Quand on constate de telles manières de faire, s'amorcent déjà les
processus qui conduisent à la dissolution d'une convivialité humaine
authentique et à la désagrégation de la réalité même de l'Etat.
Revendiquer le
droit à l'avortement, à l'infanticide, à l'euthanasie, et le reconnaître
légalement, cela revient à attribuer à la liberté humaine un sens pervers et
injuste, celui d'un pouvoir absolu sur les autres et contre les autres. Mais
c'est la mort de la vraie liberté: « En vérité, en vérité, je vous le dis,
quiconque commet le péché est esclave du péché » (Jn 8, 34).
« Je devrai me cacher loin de ta face » (Gn
4, 14): l'éclipse du sens de Dieu et du sens de l'homme
21.
Quand on recherche les racines les plus profondes du combat entre la « culture
de vie » et la « culture de mort », on ne peut s'arrêter à la conception
pervertie de la liberté que l'on vient d'évoquer. Il faut arriver au cœur du
drame vécu par l'homme contemporain: l'éclipse du sens de Dieu et du sens de
l'homme, caractéristique du contexte social et culturel dominé par le
sécularisme qui, avec ses prolongements tentaculaires, va jusqu'à mettre
parfois à l'épreuve les communautés chrétiennes elles-mêmes. Ceux qui se laissent
gagner par la contagion de cet état d'esprit entrent facilement dans le
tourbillon d'un terrible cercle vicieux: en perdant le sens de Dieu, on tend
à perdre aussi le sens de l'homme, de sa dignité et de sa vie; et, à son
tour, la violation systématique de la loi morale, spécialement en matière grave
de respect de la vie humaine et de sa dignité, produit une sorte
d'obscurcissement progressif de la capacité de percevoir la présence vivifiante
et salvatrice de Dieu.
Une fois
encore, nous pouvons nous inspirer du récit du meurtre d'Abel par son frère.

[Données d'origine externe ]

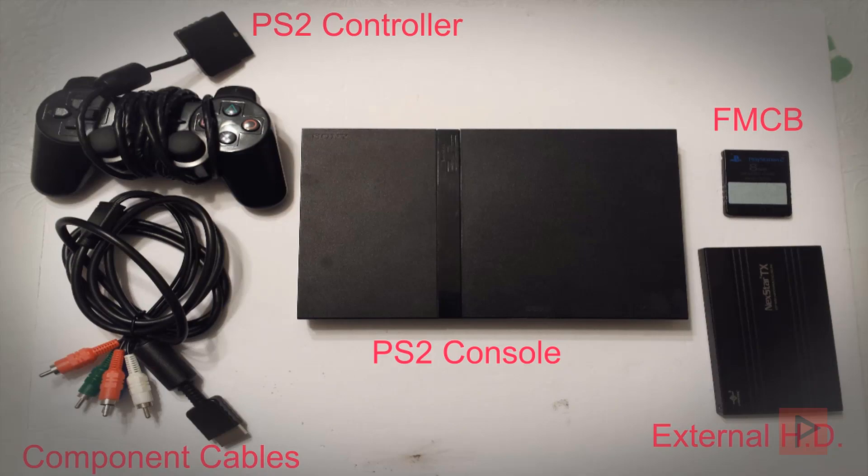Hey guys, this is Versatile from Pride Phoenix Media. We're going to do a really cool proof of concept video today with my PS2, FMCB, OPL, and playing games showcasing USB.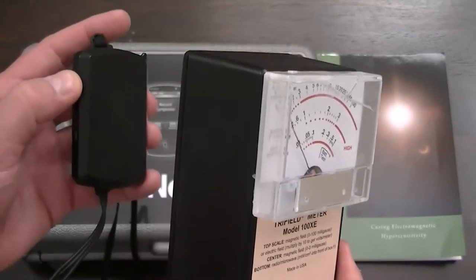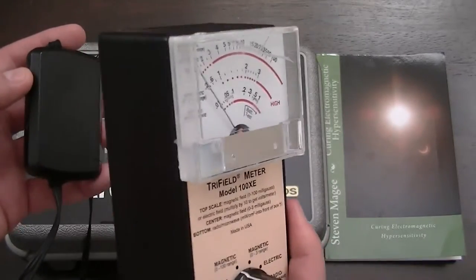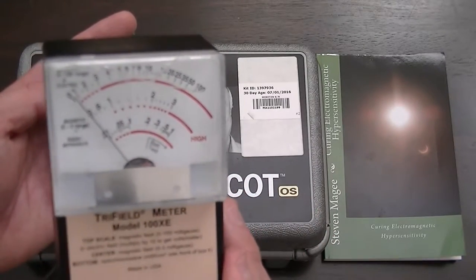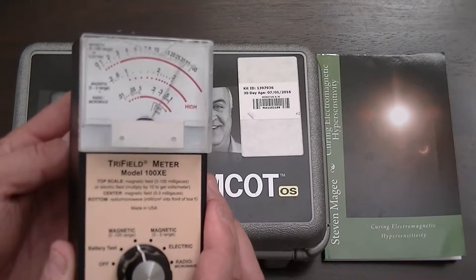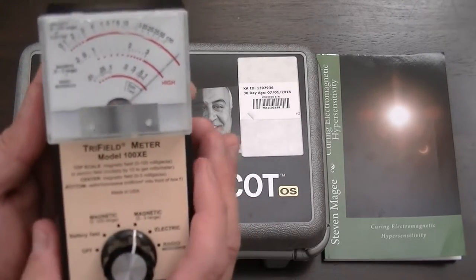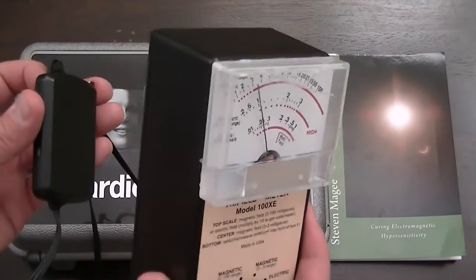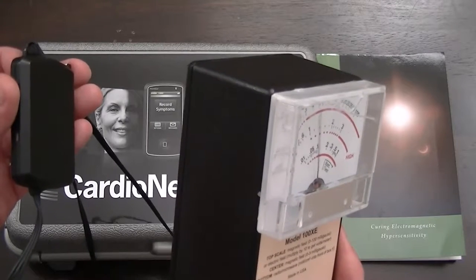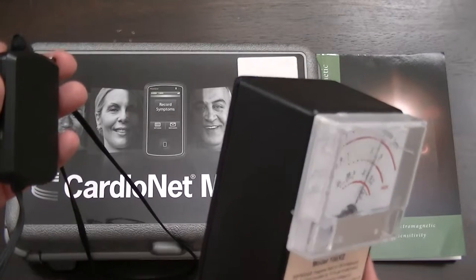Anyone who studies electromagnetic fields will realize that the orientation of the meter alters its sensitivity. This orientation seems to be the most sensitive. We definitely have field emissions coming out on the 0 to 100. Let's try the 0 to 3 range — you can see we're off the scale. With several inches of separation, you can clearly see that this is a field-producing device with an extensive field emission.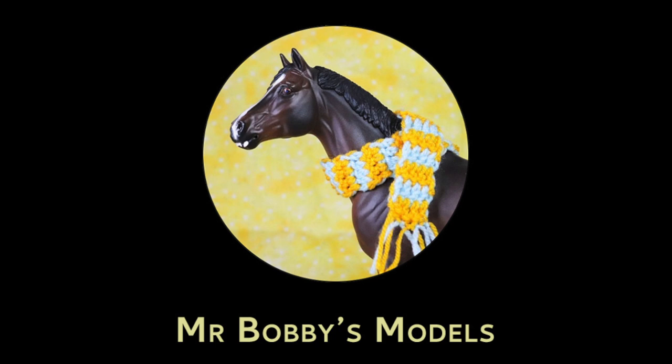The store that I went to sold Breyers online, so I kind of assumed that they would have some in store, but I didn't know how many they would have or how big the Breyer section would be. I was really pleasantly surprised when I got there, so I took some videos and I did buy some ponies which I will show you at the end. I hope you enjoy this video.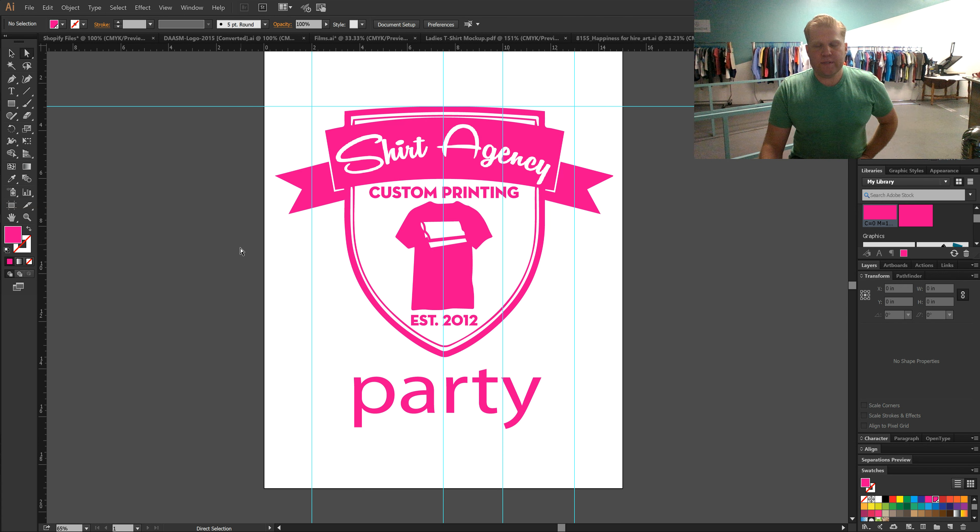Now when you submit the artwork to us it will be fully print ready and it will have all the specific colors, sizes, and fonts that you would like us to print. Thanks so much.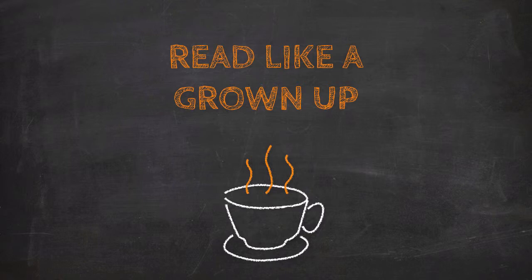Hello there. Welcome to the fourth and final lesson in the Read Like a Grown-Up video course. In the last lesson, we discussed how to make sense of our reading through analysis in a reading journal.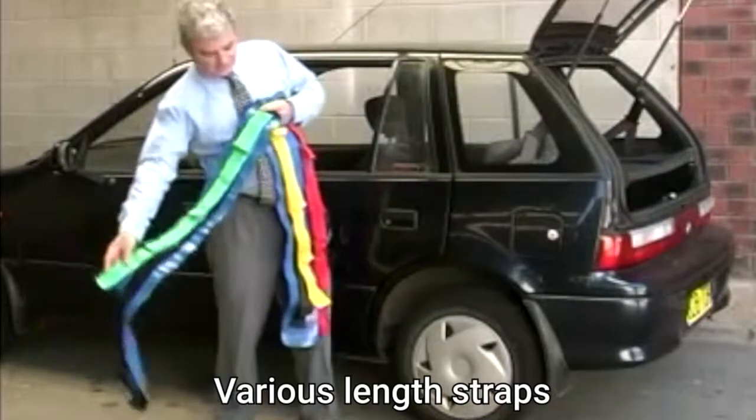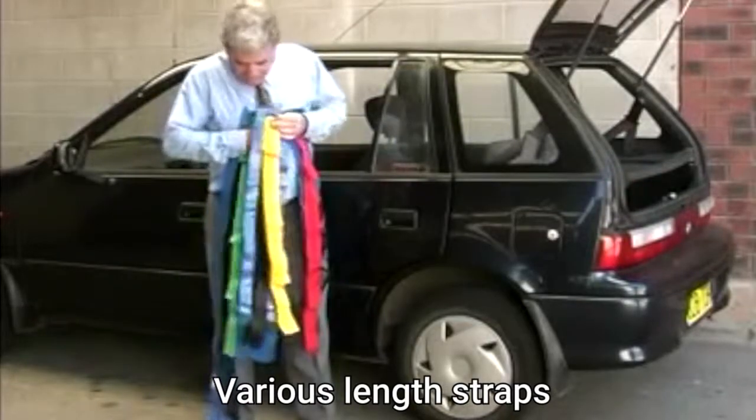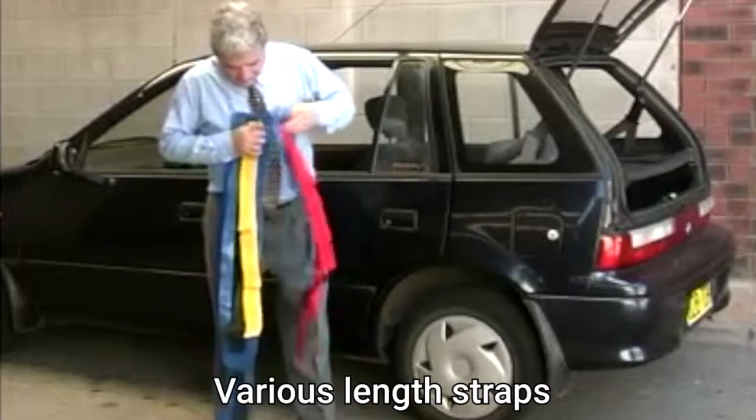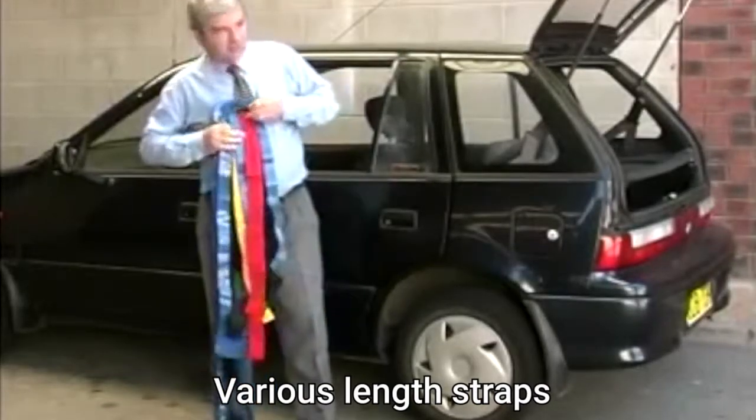Here we have the strap kit for evacuation of a patient. The green strap is large for the chest area. The yellow strap is medium for the thighs. The red strap is small for the ankles.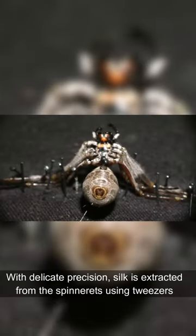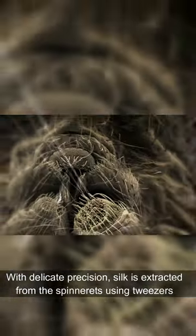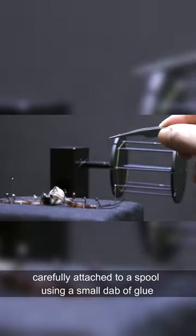The spider's limbs and abdomen are pinned on a surface. With delicate precision, silk is extracted from the spinnerets using tweezers and carefully attached to a spool using a small dab of glue.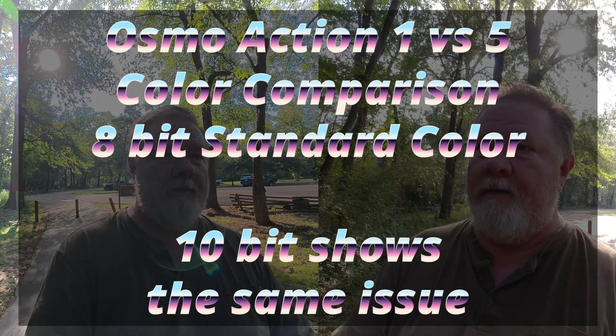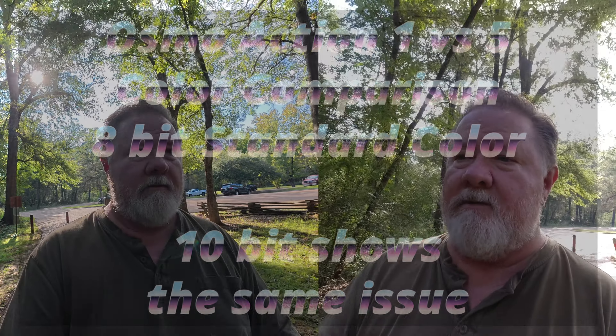I got both cameras going — 8-bit depth, standard color. See which one looks the best. I'm not gonna say which one's which, although I'm pretty sure you'll know.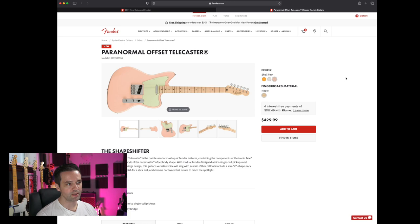The Paranormal Offset Telecaster — are these like Ghostbuster guitars? People have told me I've got to get the Paranormal Offset Telecaster. It's weird because I like offset guitars like Jazzmaster, and I love Telecasters, but I don't dig this one. Sorry — no offense to offset Telecaster lovers.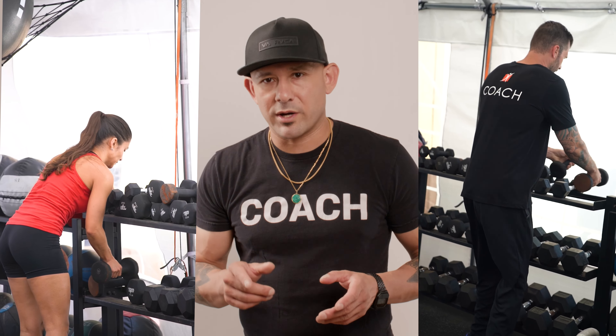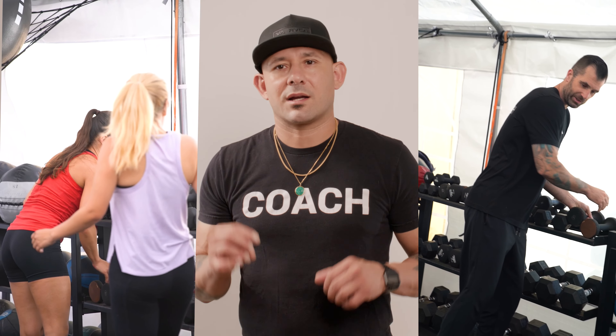Now, with that said, make sure that you re-rack your weights. I keep going back there and just seeing weights everywhere. Guys, let's keep it looking clean. Let's keep looking sharp, just like you guys should be looking back there.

Après la malédiction que Dieu lui a infligée, Caïn s'adresse au Seigneur en ces
termes: « Ma peine est trop lourde à porter. Vois! Tu me bannis aujourd'hui du
sol fertile, je devrai me cacher loin de ta face et je serai un errant
parcourant la terre; mais le premier venu me tuera! » (Gn 4, 13-14).
Caïn considère que son péché ne pourra pas être pardonné par le Seigneur et que
son destin inéluctable sera de devoir « se cacher loin de sa face ». Si Caïn
parvient à confesser que sa faute est « trop grande », c'est parce qu'il a
conscience de se trouver confronté à Dieu et à son juste jugement. En réalité,
l'homme ne peut reconnaître son péché et en saisir toute la gravité que devant
le Seigneur. C'est aussi l'expérience de David qui, après « avoir fait le mal
devant le Seigneur », réprimandé par le prophète Nathan (cf. 2 S 11-12),
s'écrie: « Mon péché, moi, je le connais, ma faute est devant moi sans relâche;
contre toi, toi seul, j'ai péché, ce qui est coupable à tes yeux, je l'ai fait
» (Ps 51 50, 5-6).
22.
C'est pourquoi, lorsque disparaît le sens de Dieu, le sens de l'homme se trouve
également menacé et vicié, ainsi que le Concile Vatican II le déclare sous une
forme lapidaire: « La créature sans son Créateur s'évanouit... Et même, la
créature elle-même est entourée d'opacité, si Dieu est oublié ».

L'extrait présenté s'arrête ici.